Healthy Aging: The age-old magic of baking soda


Earlier this week, my husband and I were traveling home from a cross-country visit to our 20-something granddaughter and the young man with whom she’s in a relationship.
It had been a truly pleasant experience, but it was a long flight home, with a lot of delays. We sat awaiting our third takeoff of the day when my husband turned to me and asked, “So, what are you writing about this week?”
He was referring to the column I have written every week for more than a decade — the column that was due to my editor in a few hours — the one I had totally forgotten about writing.
Trying to be nonchalant, I responded by saying I was writing about “baking soda and the science of happiness.” I’m not sure why I said that, it was probably tied to the book I’d been reading on the plane, “Britt-Marie Was Here: A Novel” by Fredrick Backman. If you have the opportunity to read that book, grab it. It’s a quirky and incredibly engaging narrative about a 60-something woman who hates messes; it contains multiple references to baking soda and its many benefits.
I grew up with baking soda. My siblings and I brushed our teeth with it and there was always a wide-open box in the refrigerator to absorb odors. If anyone in the family felt achy, my mother would fill the tub with steamy-hot water, dump in a box of the velvety white substance and order us to soak.
Somewhat ironically, but maybe not, the magazine I was reading during our recent airplane trek, “Real Simple: Life Made Easier,” also profiled baking soda in a one-page summary that suggested it was “not just for cookies or freshening the fridge” and strongly positioned it as having unexpected applications well beyond that of food enhancer and cleaning agent.
I had not anticipated baking soda as the magic that gave baked goods such as pretzels their golden color and fried chicken wings a crackly crispness.

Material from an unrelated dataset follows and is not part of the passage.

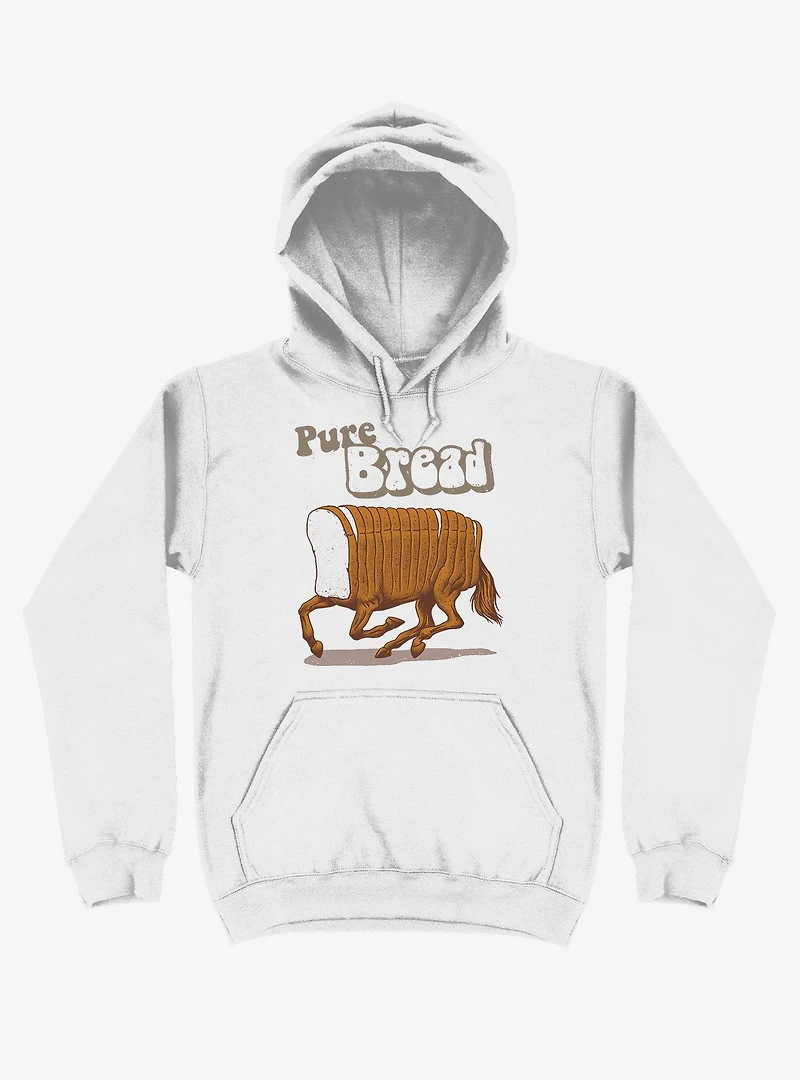 Pure Bread White Hoodie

I didn’t realize it wasn’t tomato juice that neutralized the skunk odor on your dog after a wandering encounter, it was, yup, baking soda. The recipe follows: One quart of 3 percent hydrogen peroxide, half a cup of baking soda and two tablespoons of Dawn dish soap. May you never need to use it.
I already knew that adding a bit more baking soda to my long-held recipe for chocolate chip cookies made them measurably better. And I was aware that sprinkling baking soda on tomato plants made the soil less acidic and the tomatoes sweeter. I also realized I didn’t do that this year, which might explain the small, rather tasteless tomatoes we harvested.
As I think about this topic, I’m amazed I have not written about it long ago. It seems to have no limits. Baking soda will freshen your breath, exfoliate your skin, unclog a drain and deter ants.
There’s apparently some application of baking soda and salt water in earthquake recovery, but that needs more research, so I will save that for another week.